Since 2002, the insectoid stage outfits worn by the Locust have been created by fashion designer Ben Warwas. “The first outfits I did were green, with masks that had mesh over the eyes” he says. “For a while, the eye coverings were white, but they discovered that stage lights would completely blind them, so I made the eyes black. The second set I did was green and red, then I did some white ones, a grey set, and the ones they wear now are aqua and fake fur.”
Warwas says the band occasionally commissions emergency replacements. “A few masks have been stolen at shows. Now I make two sets of each outfit, so they can have a spare if something happens, or if the clothes get too stinky...it gets really hot inside them. They also travel with the previous outfits, in case anything happens.”
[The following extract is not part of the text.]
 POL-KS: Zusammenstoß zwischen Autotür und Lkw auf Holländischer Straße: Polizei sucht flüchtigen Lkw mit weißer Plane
For a while, even Robin, the woman working the merch booth, wore the same bug costume as the band. “I received mixed reactions nightly, some more amusing than others,” she told the Reader via email. “I quickly got initiated to a small dose of some of the shit they’ve dealt with throughout the years. In Budapest, a city I wouldn’t describe as sober, a guy grabbed my boobs to make sure I was a girl. There were nights in Europe when the guys were concerned for my safety.”
After their 2007 New Erections full-length, The Locust essentially went on hiatus. Guitarist-drummer Gabe Serbian co-founded a new band in 2009, Rats Eyes, with John Cota (formerly of Hostile Comb-Over), Jason Blackmore (Sirhan Sirhan), and James Armbrust (formerly of Louis XIV). Then 2012 saw the release of Molecular Genetics from the Gold Standard Labs, a 44-track Locust compilation from Anti Records (sister imprint to the band’s one-time label Epitaph Records). Early the following year, having been inactive for nearly five years, they reunited to play I’ll Be Your Mirror, a London music fest headlined by the Yeah Yeah Yeahs and Grizzly Bear.
In 2014, Gabe Serbian — who’d recently relocated back to San Diego — appeared in the Asia Argento film Incompresa, which included an onscreen role for fellow Locust Justin Pearson, who joined with Three One G labelmate Luke Henshaw to contribute to the film’s soundtrack. The following year, Serbian and Pearson debuted a new band with Slayer drummer Dave Lombardo, Dead Cross, with Michael Crain on guitar.
The first Locust gig in four years took place at the October 2019 Desert Daze Festival. They also announced plans to debut new costumes and their first new music since 2007, releasing a typically bizarre video for their track “Recyclable Body Fluids In Human Form.” The Locust’s December 8 House of Blues gig will include fellow hometown heroes Sonido De La Frontera, whose album Sonidero Guerrilleros was released digitally in September via Three One G Records, preceded by a single for “Somos Sonideros.”